→ **Prompt**: Transcribe the entries below word for word, beginning at the line with "Ted Baker Gold" and stopping after the line with "Adel - Graf"; drop all pictures.

→ **Information provided**:
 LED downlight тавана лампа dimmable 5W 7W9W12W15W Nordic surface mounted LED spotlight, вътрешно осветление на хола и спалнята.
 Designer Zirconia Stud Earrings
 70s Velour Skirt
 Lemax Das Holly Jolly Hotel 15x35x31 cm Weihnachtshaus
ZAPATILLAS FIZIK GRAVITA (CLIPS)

--

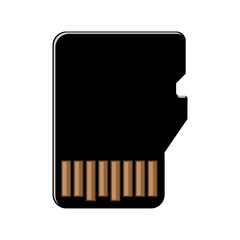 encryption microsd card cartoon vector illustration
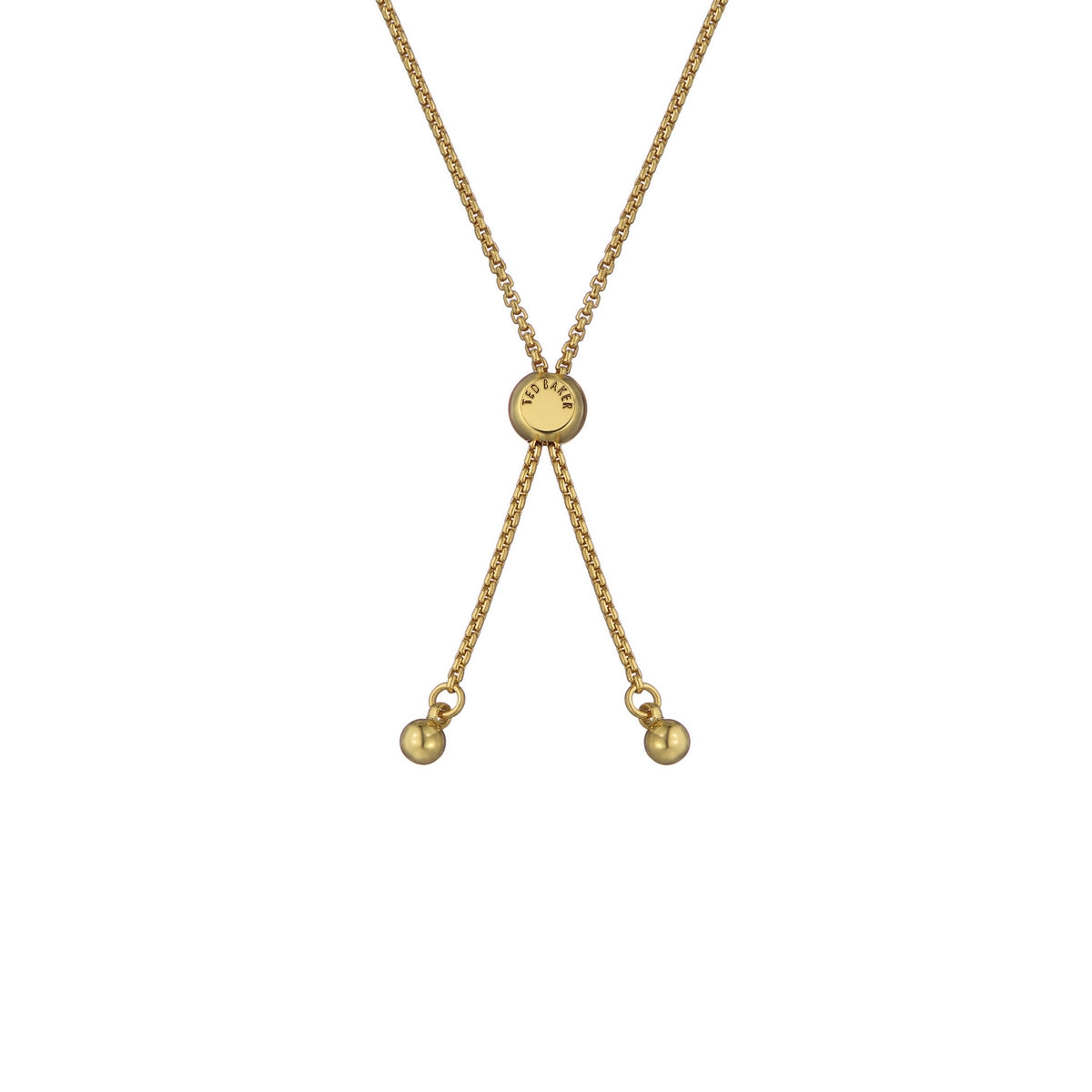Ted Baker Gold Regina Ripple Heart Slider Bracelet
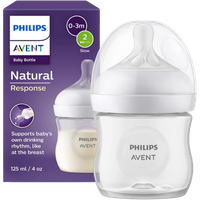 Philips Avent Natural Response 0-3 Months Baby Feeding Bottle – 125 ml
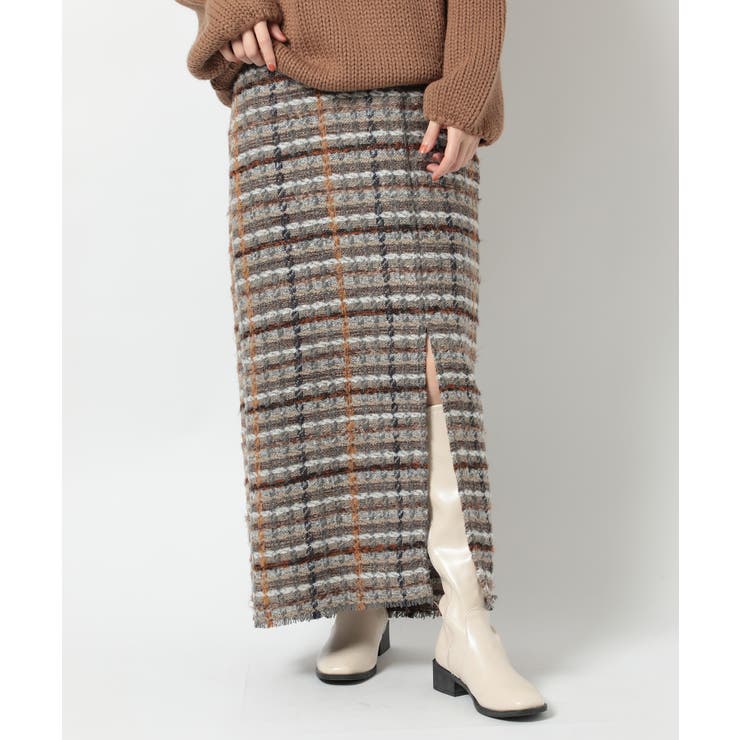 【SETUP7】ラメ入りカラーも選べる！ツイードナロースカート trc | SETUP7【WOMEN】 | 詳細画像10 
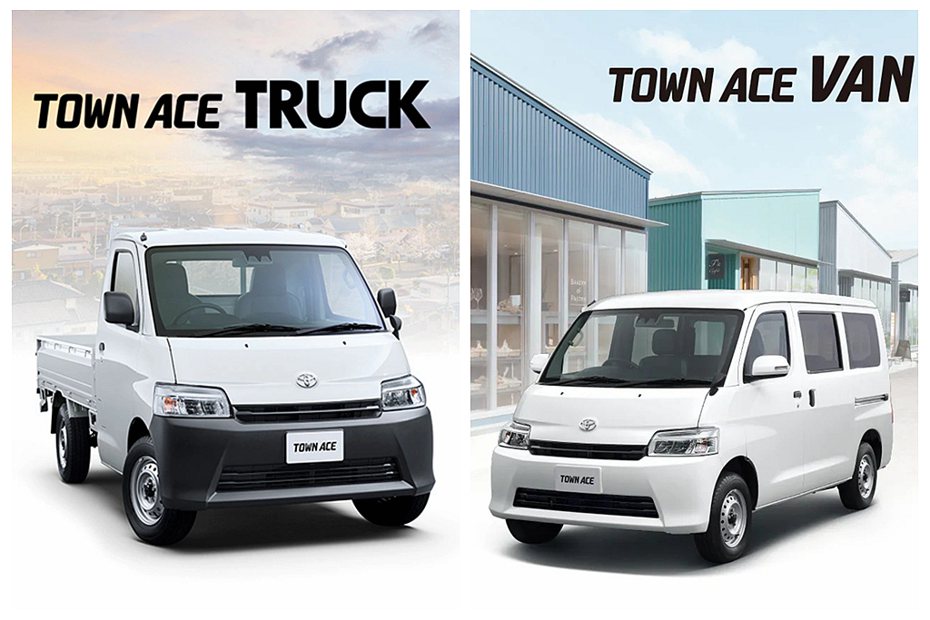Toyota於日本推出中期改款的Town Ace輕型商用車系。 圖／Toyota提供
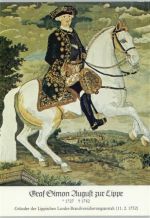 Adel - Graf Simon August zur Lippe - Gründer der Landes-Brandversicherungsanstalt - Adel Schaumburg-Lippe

...

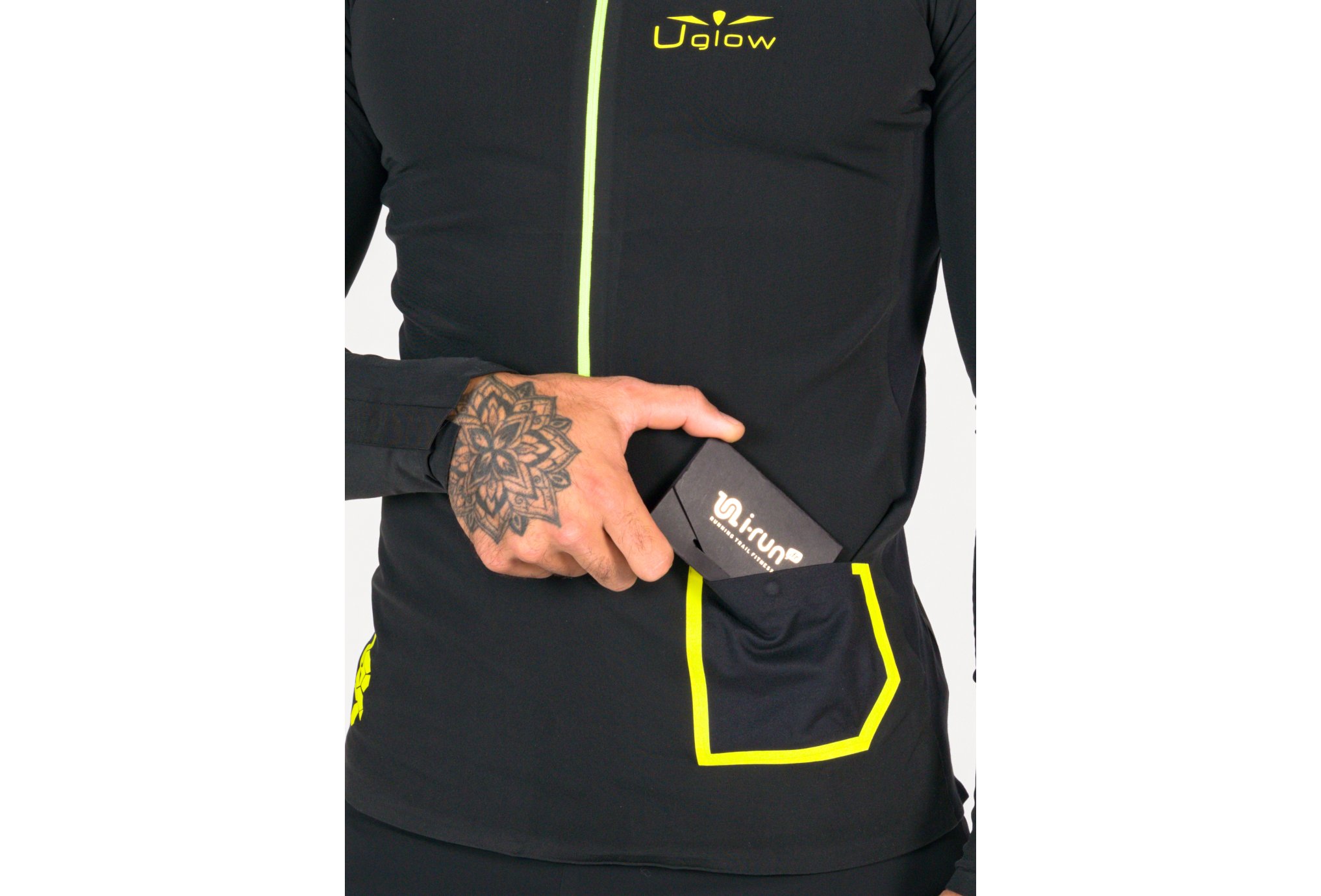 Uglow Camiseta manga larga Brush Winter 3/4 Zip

→ **Output of the exercise**:
Ted Baker Gold Regina Ripple Heart Slider Bracelet
 Philips Avent Natural Response 0-3 Months Baby Feeding Bottle – 125 ml
 【SETUP7】ラメ入りカラーも選べる！ツイードナロースカート trc | SETUP7【WOMEN】 | 詳細画像10 
Toyota於日本推出中期改款的Town Ace輕型商用車系。 圖／Toyota提供
 Adel - Graf Simon August zur Lippe - Gründer der Landes-Brandversicherungsanstalt - Adel Schaumburg-Lippe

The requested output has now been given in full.